Когда Стоброд доиграл и отнял скрипку от своего заросшего седой щетиной подбородка, долгое время стояла удивительная тишина. В этой тишине даже голоса квакш на берегу ручья звучали как-то особенно печально, но все же были исполнены надежды даже перед лицом наступающей зимы. Стоброд посмотрел на дочь, словно ожидая очередной строгой, даже жесткой, оценки. И Ада тоже посмотрела на Руби и поняла по выражению ее лица, что той все же требуется нечто гораздо больше, чем какая-то душещипательная история или необычная скрипичная мелодия, чтобы ее сердце смягчилось по отношению к отцу. Никаких оценок она давать не стала. Она просто повернулась к Аде и сказала:
– Может, я и ошибаюсь, но он, похоже, прожив полжизни, наконец-то нашел тот единственный инструмент, с помощью которого способен проявить хоть какие-то свои умения.

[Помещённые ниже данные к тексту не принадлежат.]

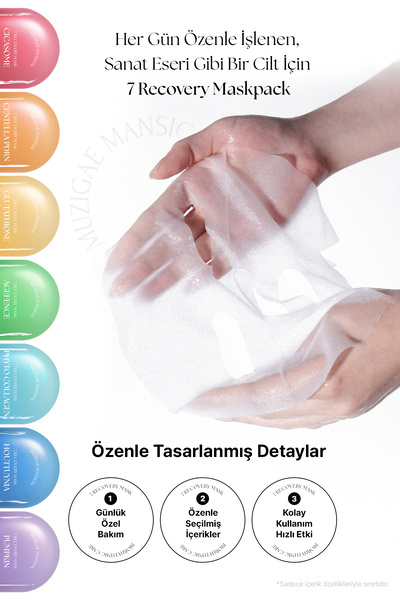 Muzigae Mansion Nemlendirici Cica Özlü Yaprak Maske 7 Recovery Maskpack (Cicasome Mask)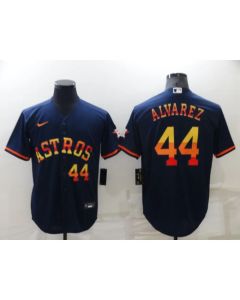Men's Houston Astros #44 Yordan Alvarez 2022 Navy Cool Base Stitched Jersey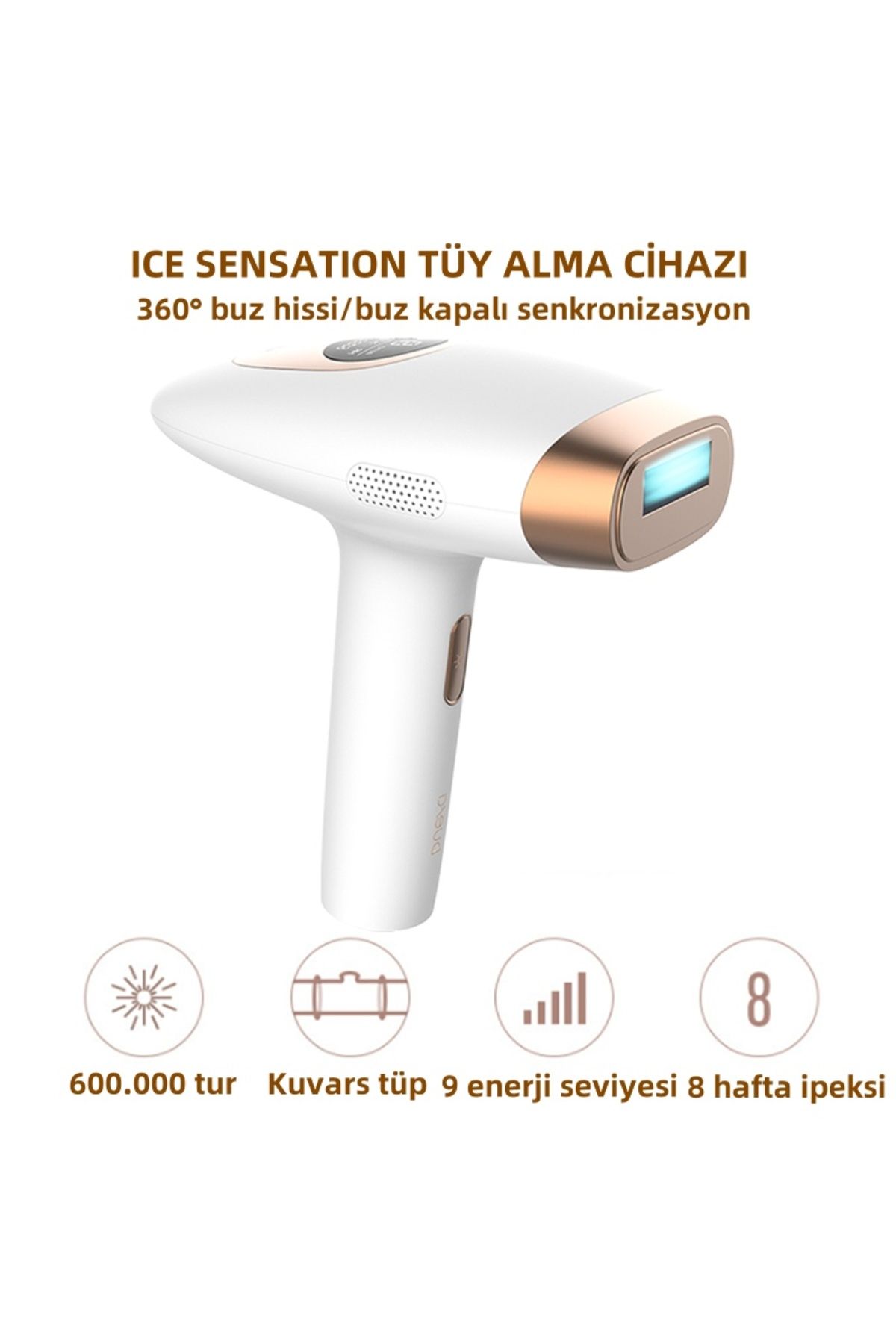bosnex Ai17 IPL Buz Lazer Epilasyon Cilt Gençleştirme Cihazı 999.999 Atım Ağrısız Vücut Yüz Cihazı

Он ведь всегда был настолько жалким, что даже прозвище свое получил, когда его до полусмерти выпороли, когда на краже окорока поймали[27].
Аде, впрочем, показалось чем-то вроде чуда то, что именно Стоброд, а не кто-то другой смог оказаться явным доказательством того, что, даже если ты большую часть своей жизни потратил зря, ты все равно не лишен возможности отыскать путь к спасению и возрождению, хотя бы частичному.